- Study material
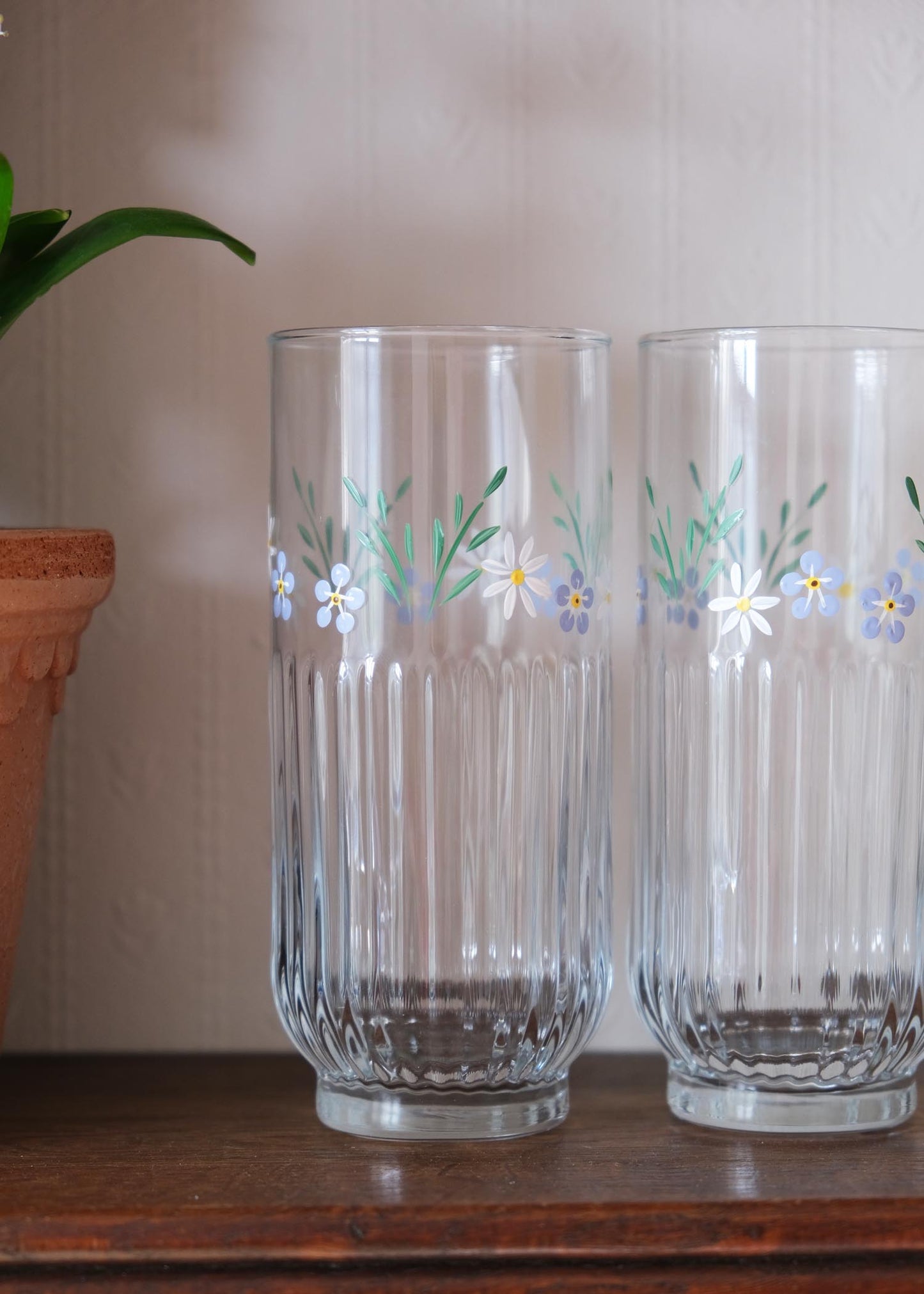 Verres highball côtelés Limoncello lot de 2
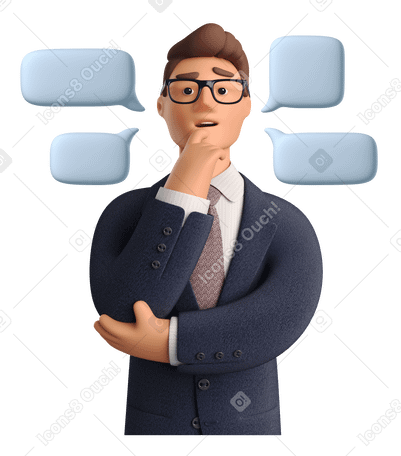 3D Businessman participating in a work conversation PNG, SVG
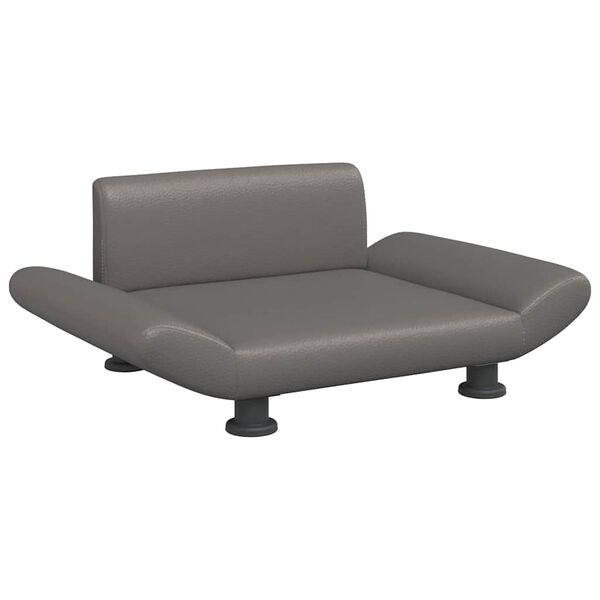 vidaXL Cama para perros de cuero sint&eacute;tico gris 70x45x28 cm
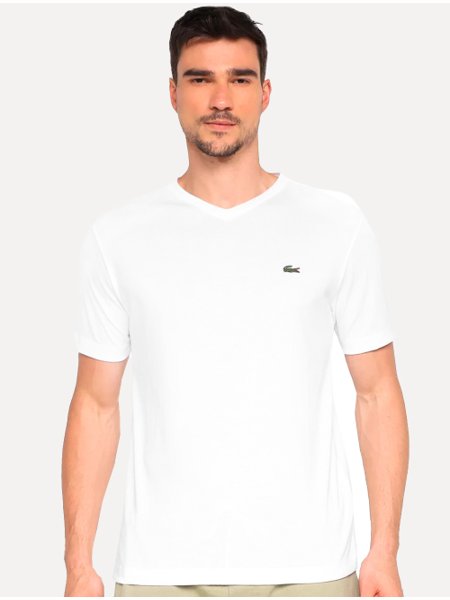 Camiseta Lacoste Masculina Sport Ultra-Dry V-Neck Branca Secret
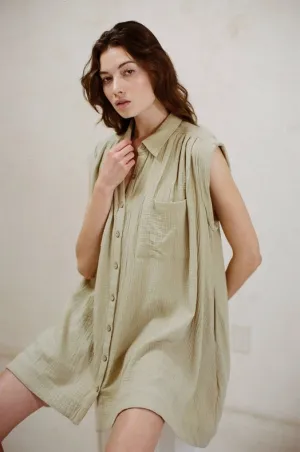 Woven Cotton Gauze Sleeveless Tunic Dress Dusty Sage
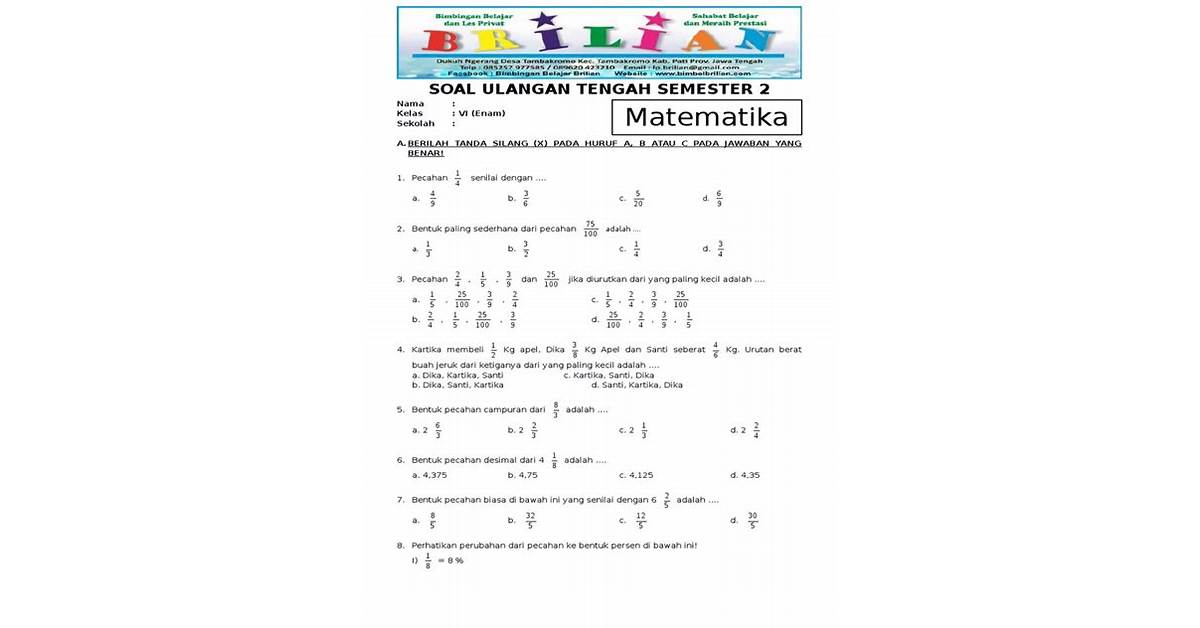 soal uts matematika kelas 6 semester 2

- Work request
Each line from the start of the entries above through the line with "Camiseta Lacoste Masculina" should be duplicated exactly, leaving out the pictures.

- Expected output
 Verres highball côtelés Limoncello lot de 2
 3D Businessman participating in a work conversation PNG, SVG
 vidaXL Cama para perros de cuero sint&eacute;tico gris 70x45x28 cm
 Camiseta Lacoste Masculina Sport Ultra-Dry V-Neck Branca Secret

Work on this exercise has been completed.